I was first captivated by Jeff Schwartz’ paintings shortly after my arrival in Sarasota in 2015. I walked into the Crossley Gallery and was immediately drawn to a painting depicting the interior of a bathroom. Specifically, I was drawn to the toilet. More specifically, to the cleaning bottles stacked on top of the tank—a completely mundane moment embodying the exquisite, transcendent, ethereal beauty of Giorgio Morandi, one of my favorite painters.
Such is the magic of paint, in the hands of a real painter. Jeff Schwartz is a real painter. But it turns out what captivated me wasn’t about paint. It was about space. It was Schwartz’ keen understanding of space, his ability to sculpt space, that has arrayed across a variety of media —photography, sculpture, painting, collage.
“My background began with sculpture more than image making. At a very young age, I built forts. Over the years I moved into building and remodeling homes to make a living. Later, I picked up a camera and became fascinated with capturing images of light and space. At that time, I could not draw and was terrified of the process. I went to the Art Institute of Chicago to study Photography all the while working construction to make money. After hundreds of hours in the dark room developing my own film and images, I began to feel too distant from the creation of the images. I wanted and needed to be more involved with the building of the spaces and surfaces. Looking back it appears obvious that I would move into painting and drawing as my medium of choice, pulling my love and knowledge of building into the practice. My process began to replicate the actual spaces and environments I was experiencing in Chicago. The process of creating began to literally show the history of the making.”

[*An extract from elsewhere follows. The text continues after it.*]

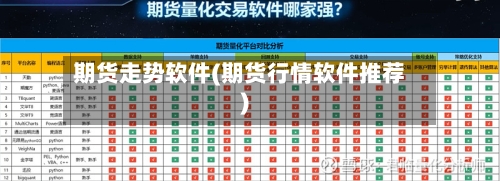 期货走势软件(期货行情软件推荐)-第2张图片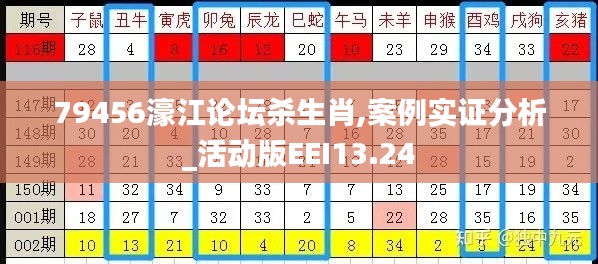 79456濠江論壇殺生肖,案例實(shí)證分析_活動(dòng)版EEI13.24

The title of the exhibition is Interior and is meant to evoke the multiplicity of meaning embedded in that concept. Yes, these works appear to “depict” interior, domestic scenes, a la the tropes, protocols and editorial conventions of the ubiquitous shelter magazines crowding the supermarket check out aisles and transit hub kiosks (depending on whether you are occupying suburban or urban space, respectively). But since the works are so laden with psychological gravitas, the title has as much, or more, to do with the concept of an interior life—the perpetual existential challenge posed by our first “home”, our bodies, and the cognitive disconnect of our consciousness residing within our physical beings. The work begs questions of space—the poetics of space, in the language of Bachelard—the way in which space holds memory, residue. For me, the work evokes those incredible 70s films that really capture the tension held in space—suspended among walls, sparse objects, and the ghostly, abstracted, barely-there people. I think of Godard’s Contempt, Antonioni’s Zabriskie Point or more recently Coppola’s The Virgin Suicides and Spike Jonze’ H.E.R.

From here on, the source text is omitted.